Saturday, May 19, 2012

I Bee-lieve

I was gardening a lot this week and had a great opportunity to spend some time with bees. I working in one of my raised beds, extremely close to the blossoming sage. The perfect purple blossoms were being plundered as I worked. This was the longest period of time I have ever spent around bees and was keen to watch them on their quest to collect and distribute pollen. Since I was not making a move toward them in any way, they were completely ignoring me. This is something I could not say about the yellow jacket who kept showing up to nose around me, making me intensely nervous.

The last time I got stung was by a yellow jacket was in the privacy of my own bathroom. And in an intensely private place. I was doing my usual bathroom business, as one does, on the throne when I realized that something didn't feel quite right. I reached down to check and -- yikes! My hand came away with a yellow jacket perched upon it, but not before he had given me what for in the nether regions. Talk about freaking out! I threw the offensive little creature into the toilet and flushed. Then cleaned and bathed the painful area repeatedly.

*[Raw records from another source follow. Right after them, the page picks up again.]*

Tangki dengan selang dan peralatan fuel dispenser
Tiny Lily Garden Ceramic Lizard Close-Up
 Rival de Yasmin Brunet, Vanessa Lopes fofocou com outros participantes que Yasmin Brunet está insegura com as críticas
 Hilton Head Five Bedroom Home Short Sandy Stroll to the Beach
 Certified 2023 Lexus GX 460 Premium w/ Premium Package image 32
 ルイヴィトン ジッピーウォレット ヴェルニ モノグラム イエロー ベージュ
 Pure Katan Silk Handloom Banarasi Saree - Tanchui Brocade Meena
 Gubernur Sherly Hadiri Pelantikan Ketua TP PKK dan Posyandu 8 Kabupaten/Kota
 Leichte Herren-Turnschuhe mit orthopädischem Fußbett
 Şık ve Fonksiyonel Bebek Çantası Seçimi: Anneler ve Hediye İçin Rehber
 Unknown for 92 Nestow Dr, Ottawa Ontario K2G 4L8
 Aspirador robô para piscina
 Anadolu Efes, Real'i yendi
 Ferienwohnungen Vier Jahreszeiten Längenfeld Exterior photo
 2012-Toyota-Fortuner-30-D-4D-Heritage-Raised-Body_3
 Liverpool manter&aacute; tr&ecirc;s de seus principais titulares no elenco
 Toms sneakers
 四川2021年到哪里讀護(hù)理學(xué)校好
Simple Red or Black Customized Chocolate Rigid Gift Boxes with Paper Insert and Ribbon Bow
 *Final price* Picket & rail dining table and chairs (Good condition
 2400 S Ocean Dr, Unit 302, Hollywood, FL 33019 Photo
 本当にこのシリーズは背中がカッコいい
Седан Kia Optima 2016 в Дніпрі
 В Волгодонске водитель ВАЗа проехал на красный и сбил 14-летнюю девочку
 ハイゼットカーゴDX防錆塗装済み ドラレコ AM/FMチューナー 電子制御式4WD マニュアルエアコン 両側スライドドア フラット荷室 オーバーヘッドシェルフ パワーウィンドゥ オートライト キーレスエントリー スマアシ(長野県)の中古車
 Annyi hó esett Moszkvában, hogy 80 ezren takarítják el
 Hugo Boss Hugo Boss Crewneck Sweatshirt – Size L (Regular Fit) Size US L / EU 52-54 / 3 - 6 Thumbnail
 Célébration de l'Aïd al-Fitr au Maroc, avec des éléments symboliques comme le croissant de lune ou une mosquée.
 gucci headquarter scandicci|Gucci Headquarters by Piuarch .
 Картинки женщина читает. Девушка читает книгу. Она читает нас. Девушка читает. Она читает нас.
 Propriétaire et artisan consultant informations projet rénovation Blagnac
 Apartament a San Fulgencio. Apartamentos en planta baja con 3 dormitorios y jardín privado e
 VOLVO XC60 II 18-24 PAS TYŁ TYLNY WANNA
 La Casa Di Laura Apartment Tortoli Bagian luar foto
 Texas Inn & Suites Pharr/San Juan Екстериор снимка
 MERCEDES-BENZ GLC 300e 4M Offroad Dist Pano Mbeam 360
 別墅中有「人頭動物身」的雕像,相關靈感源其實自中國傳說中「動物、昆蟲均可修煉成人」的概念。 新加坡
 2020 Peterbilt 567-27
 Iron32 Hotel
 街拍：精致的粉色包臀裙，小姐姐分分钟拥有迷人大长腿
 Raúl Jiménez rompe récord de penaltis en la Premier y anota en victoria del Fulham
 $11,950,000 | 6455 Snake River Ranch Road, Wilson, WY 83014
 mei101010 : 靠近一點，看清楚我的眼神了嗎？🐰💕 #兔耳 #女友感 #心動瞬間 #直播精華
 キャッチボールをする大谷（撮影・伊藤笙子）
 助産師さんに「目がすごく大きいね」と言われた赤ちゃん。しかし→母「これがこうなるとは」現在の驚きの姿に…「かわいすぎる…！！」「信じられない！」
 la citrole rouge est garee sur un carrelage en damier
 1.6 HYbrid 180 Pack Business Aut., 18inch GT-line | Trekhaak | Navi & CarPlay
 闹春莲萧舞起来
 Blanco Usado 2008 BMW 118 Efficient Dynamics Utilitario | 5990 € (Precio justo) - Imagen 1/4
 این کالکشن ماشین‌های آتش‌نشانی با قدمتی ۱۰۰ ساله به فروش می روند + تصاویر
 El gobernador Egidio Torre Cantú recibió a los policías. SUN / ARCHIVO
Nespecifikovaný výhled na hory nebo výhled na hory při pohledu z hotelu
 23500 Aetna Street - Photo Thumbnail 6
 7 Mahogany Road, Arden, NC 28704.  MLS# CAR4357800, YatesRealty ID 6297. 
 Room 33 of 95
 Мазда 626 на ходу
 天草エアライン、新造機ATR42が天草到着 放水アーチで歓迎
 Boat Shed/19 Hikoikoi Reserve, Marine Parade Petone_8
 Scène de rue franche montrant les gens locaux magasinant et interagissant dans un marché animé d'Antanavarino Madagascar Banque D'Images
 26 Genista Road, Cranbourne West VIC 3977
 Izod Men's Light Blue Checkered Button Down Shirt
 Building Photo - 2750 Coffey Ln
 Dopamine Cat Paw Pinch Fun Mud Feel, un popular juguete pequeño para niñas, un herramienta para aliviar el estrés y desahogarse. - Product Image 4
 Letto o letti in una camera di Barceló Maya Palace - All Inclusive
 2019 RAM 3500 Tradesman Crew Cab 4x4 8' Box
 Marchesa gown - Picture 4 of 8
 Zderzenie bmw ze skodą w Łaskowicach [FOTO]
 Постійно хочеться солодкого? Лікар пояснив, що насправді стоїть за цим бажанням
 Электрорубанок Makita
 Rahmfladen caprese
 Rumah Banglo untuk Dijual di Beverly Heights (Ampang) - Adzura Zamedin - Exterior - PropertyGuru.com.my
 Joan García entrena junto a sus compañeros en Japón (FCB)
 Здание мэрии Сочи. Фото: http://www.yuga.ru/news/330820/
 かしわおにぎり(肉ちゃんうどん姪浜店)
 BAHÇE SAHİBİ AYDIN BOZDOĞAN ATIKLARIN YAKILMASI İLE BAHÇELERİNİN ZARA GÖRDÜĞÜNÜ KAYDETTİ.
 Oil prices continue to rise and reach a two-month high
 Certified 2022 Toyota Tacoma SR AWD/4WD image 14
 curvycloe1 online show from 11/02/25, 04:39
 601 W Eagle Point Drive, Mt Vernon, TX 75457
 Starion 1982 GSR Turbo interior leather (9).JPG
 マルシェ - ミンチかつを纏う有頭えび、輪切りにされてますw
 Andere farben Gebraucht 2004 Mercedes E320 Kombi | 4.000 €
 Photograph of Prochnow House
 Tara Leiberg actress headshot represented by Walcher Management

Needless to say (but I'm gonna say it anyway) it was a little touchy trying to sit down at work for the next few days. I had to tell my coworkers what had happened so that they would understand the strange little dance I was doing trying to sit comfortably. Who ever heard of getting stung in the. . .?

The last time I was actually stung by a bee was several years ago. We had had an unseasonably warm autumn and I was out cleaning up leaves and such on the Saturday before Thanksgiving. I woke up a bee that had been snoozing in a warm fold of a plastic garbage bag. I didn't notice him until he got me on the wrist. Who ever heard of getting stung in November?

My conversation with the gentle bees came, by chance, on the same day as the Colorado Rockies baseball game was interrupted by the sudden appearance of two swarms of bees that sent players, photographers, and cameramen scrambling.A beekeeper came and vacuumed them all up with his bee vac.

It must just have bee-n one of those unbee-lievable days!